As a child of the eighties (okay, the seventies and the eighties,) I never gave much thought to women’s lib even though I heard the term bandied about a lot on television. I suppose it just never occurred to me that I couldn’t do what I wanted to do. And what I wanted to do was wear acid washed jeans, perm my hair unto an inch of its life and go to prom. Seriously though, my mom worked, most moms I knew worked and feminist issues just weren’t discussed beyond equal pay for equal work.

As a young mother, my husband and I decided that I would stay home with our children. Day care was prohibitively expensive and I’d just started going to a church where such decisions were not only approved of, but preferred, though at that time I was still under the illusion that the church supported all women equally.

Naive much?

It wasn’t until my children were in fourth and fifth grade did I start to question my choices. Even though I was homeschooling my children, (for educational purposes not religious reasons and wow, what a difference that made!), I began writing almost full time with an eye on publication. I wrote both fiction and nonfiction and between that and the Internet, my world grew and grew.  I became aware, uncomfortably aware, that many women around the world didn’t enjoy the rights I had taken for granted or simply let slip away.
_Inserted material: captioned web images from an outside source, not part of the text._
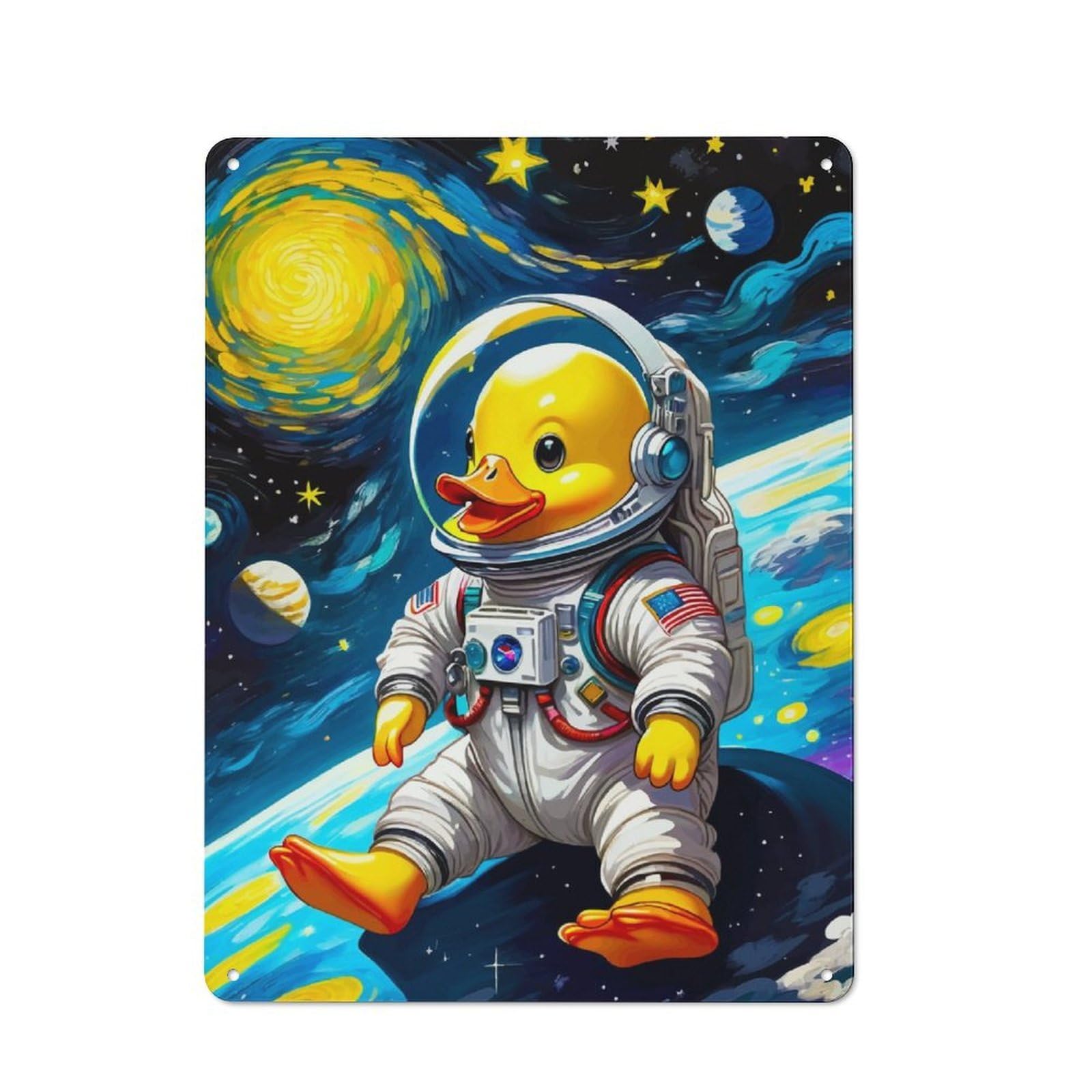 Junmoney Rubber Duck Astronaut 2 Metal Sign 40X30cm With For Hallway Wall, Rustic Decor, Housewarming Present For People Styling Hallway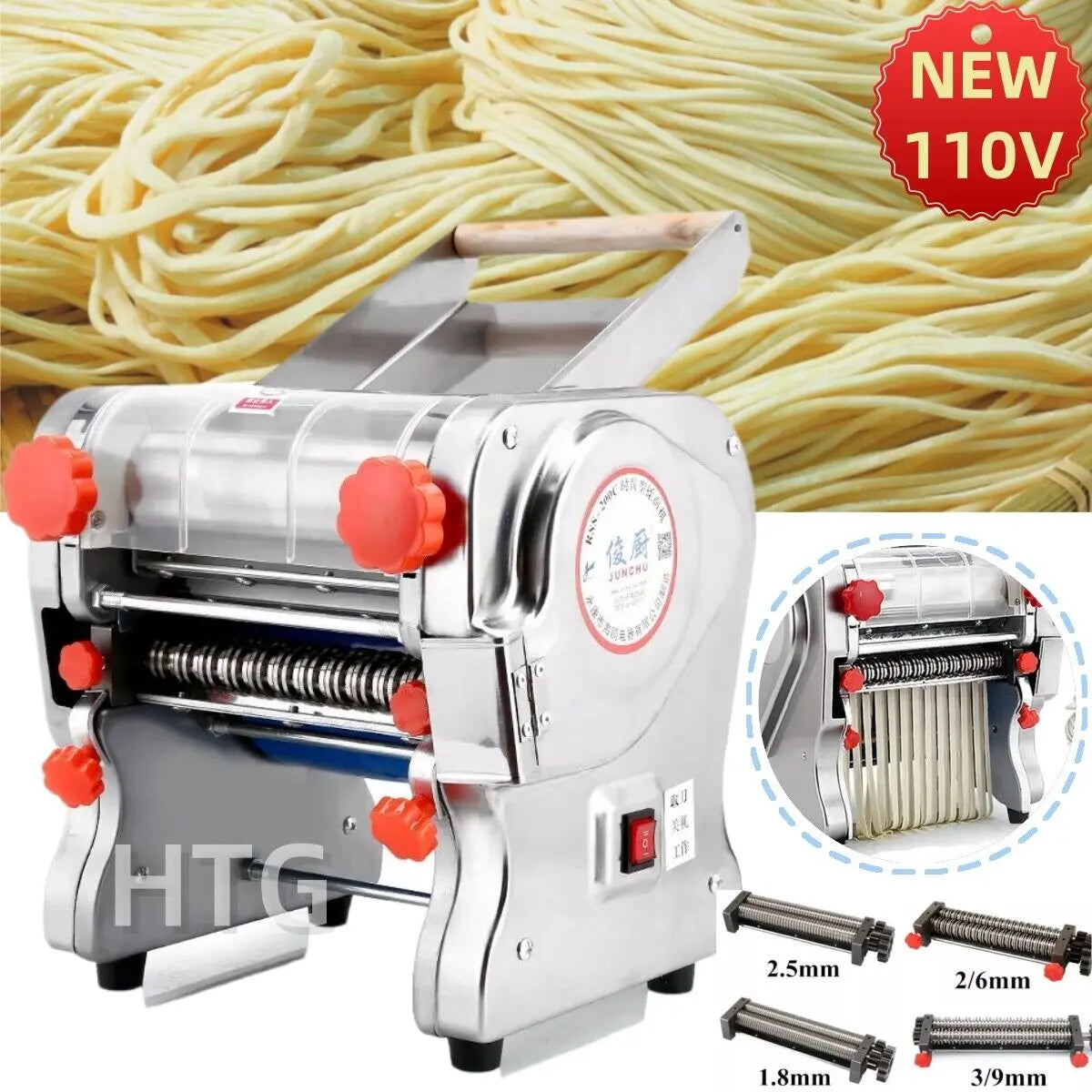 Hign-concerned 550W Electric Pasta Maker Noodle Machine With Dual Knife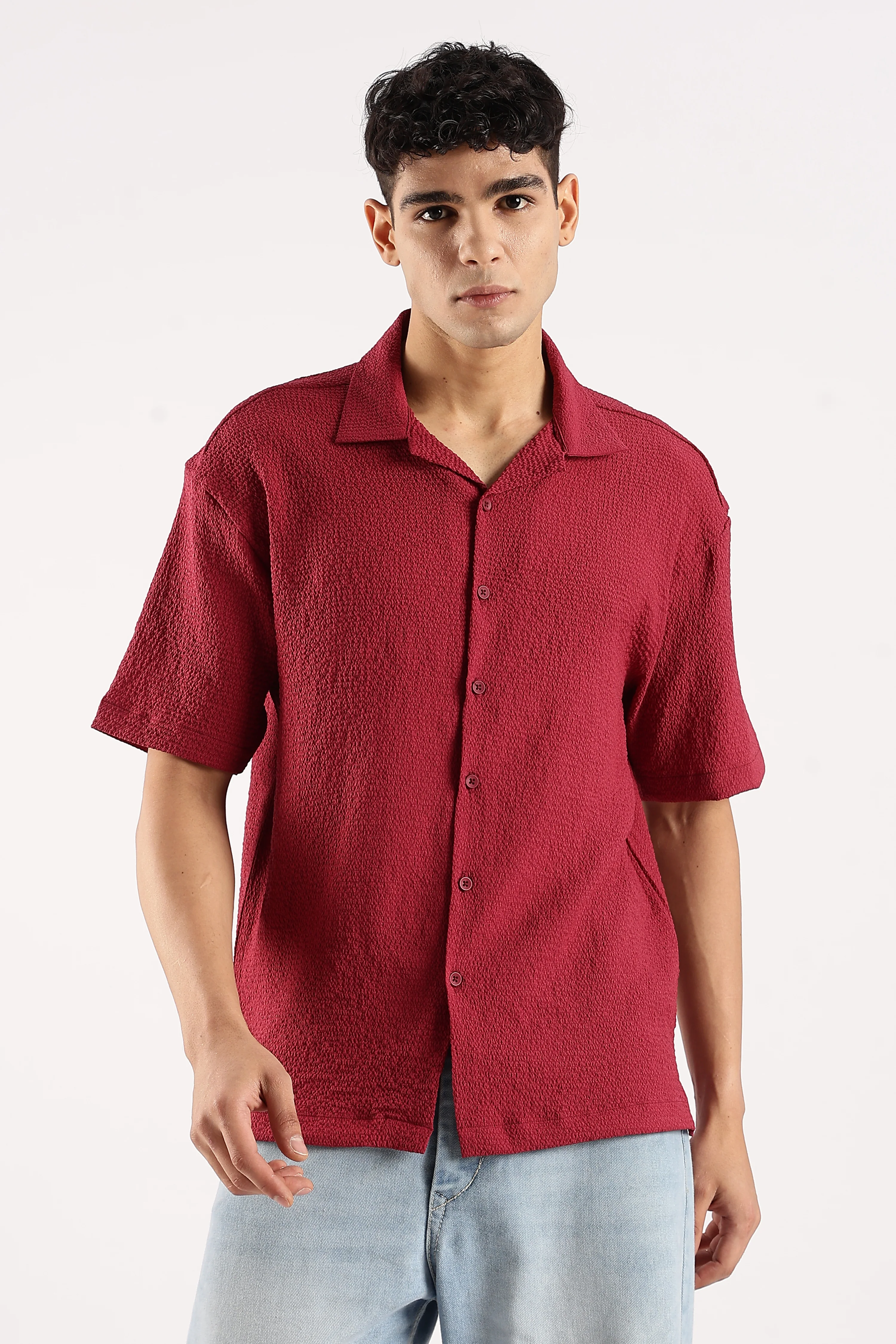 Men Red Poly Textured Shirt
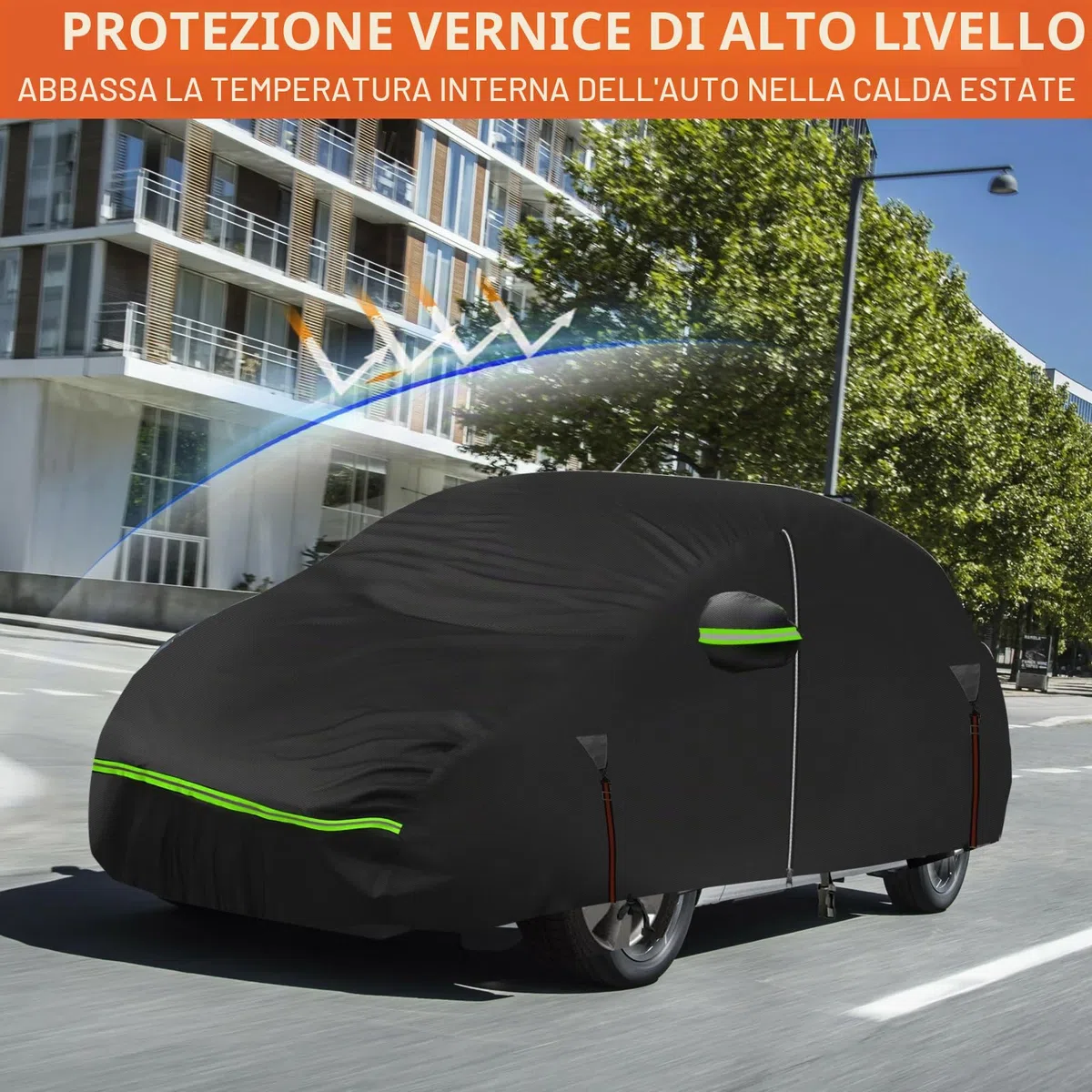 Telo copriauto impermeabile per Fiat Panda 2012-2024, 6 strati per esterni, per tutte le stagioni, protezione da sole, pioggia, UV, polvere, con cerniera per portiera, foderato in cotone, cinghia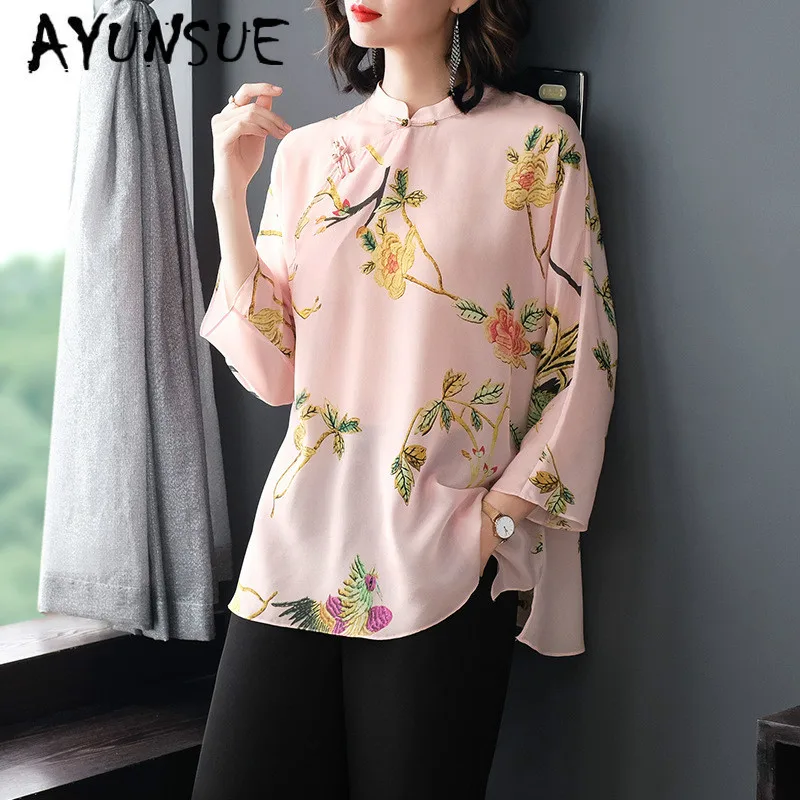 Real Silk Shirts Womens Tops and Blouses Long Sleeve Blouse Spring Autumn Korean Fashion Clothing Women Blusas P7562 YY2621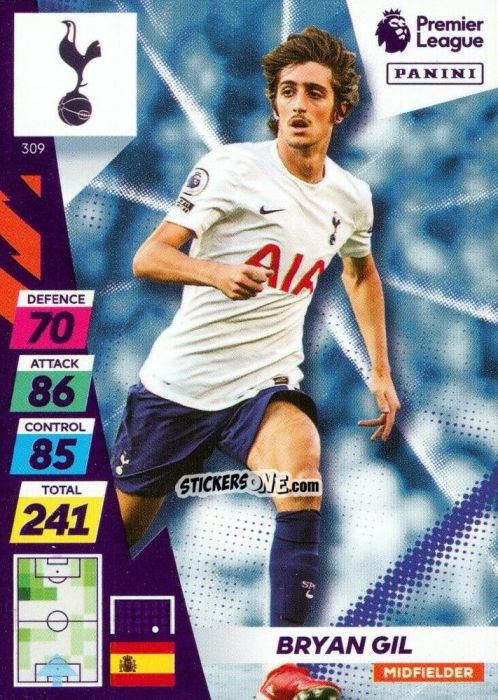 Figurina Bryan Gil - English Premier League 2021-2022. Adrenalyn XL Plus n. 309 - Panini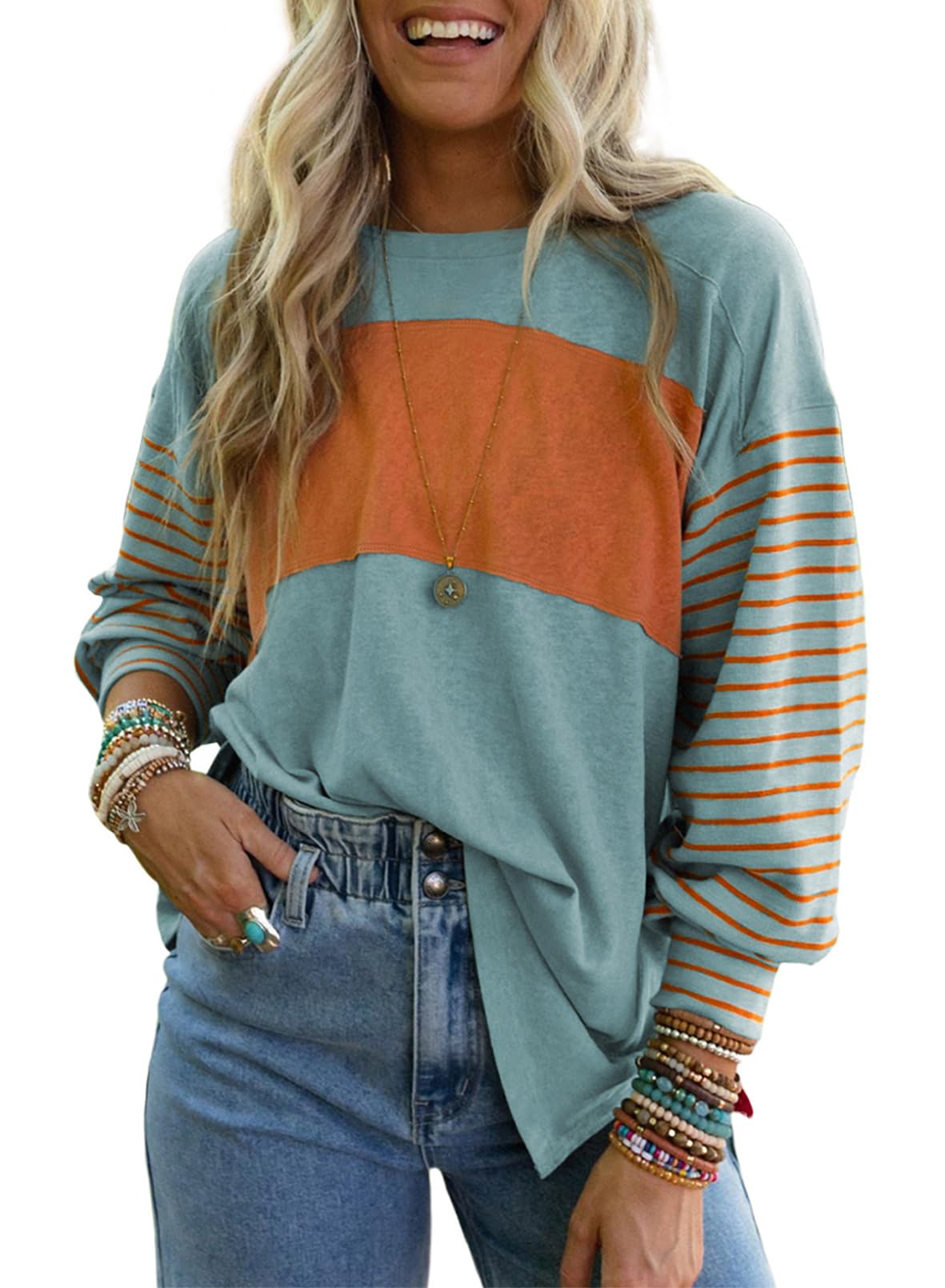 Foto 1 | Sudadera Dokotoo Para Mujer De Manga Larga Con Rayas Rojas Y Azules - Venta Internacional.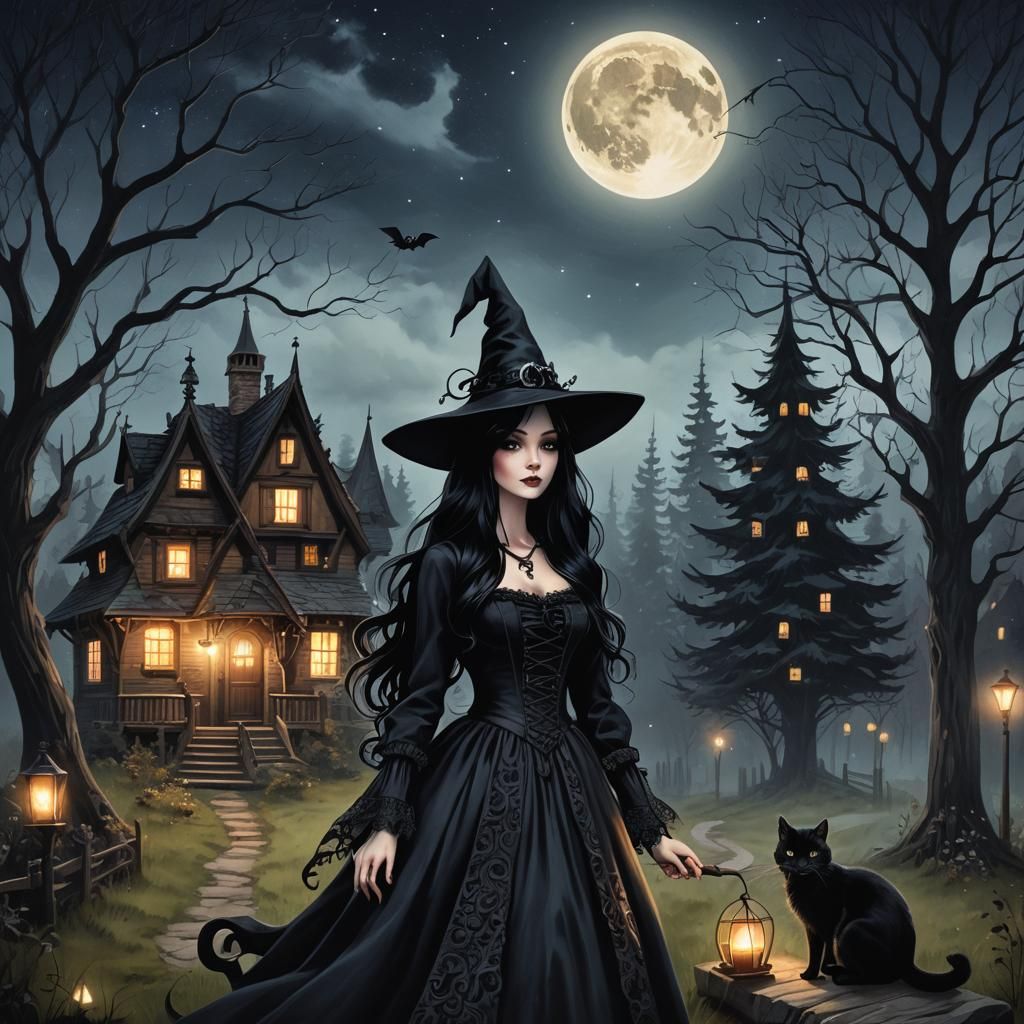 Gothic Witch in Enchanted Forest at Night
For suddenly, things were changing on my home front. As I grew and my writing became more successful, I could no longer be at the beck and call of my family.  While my kids quickly adapted, my marriage went through some growing pains and for the first time feminism became very, very personal.

Well, we survived, and both my husband I grew from the experience, though we did end up breaking with the church we’d been attending. But that was the moment when feminism reached up and slapped me in the face. I began reading on the topic, both fiction (Marilyn French!!!) and nonfiction and  journaling about women’s issues,  though it has rarely come to the forefront in my writing. (Except for Bloom in Winter, where one of my heroines is a suffragette) However, it has become very important to me that my characters grow as both women and human beings.

Writing expanded my world. As my own world expanded, I became more conscious of the issues women here and around the world face, issues such as economic empowerment, education, maternal mortality, sex trafficking, rape culture and gender based violence. I feel rather foolish now to realize how oblivious I was.  But out of the many gifts writing has given me, that is one of the most precious.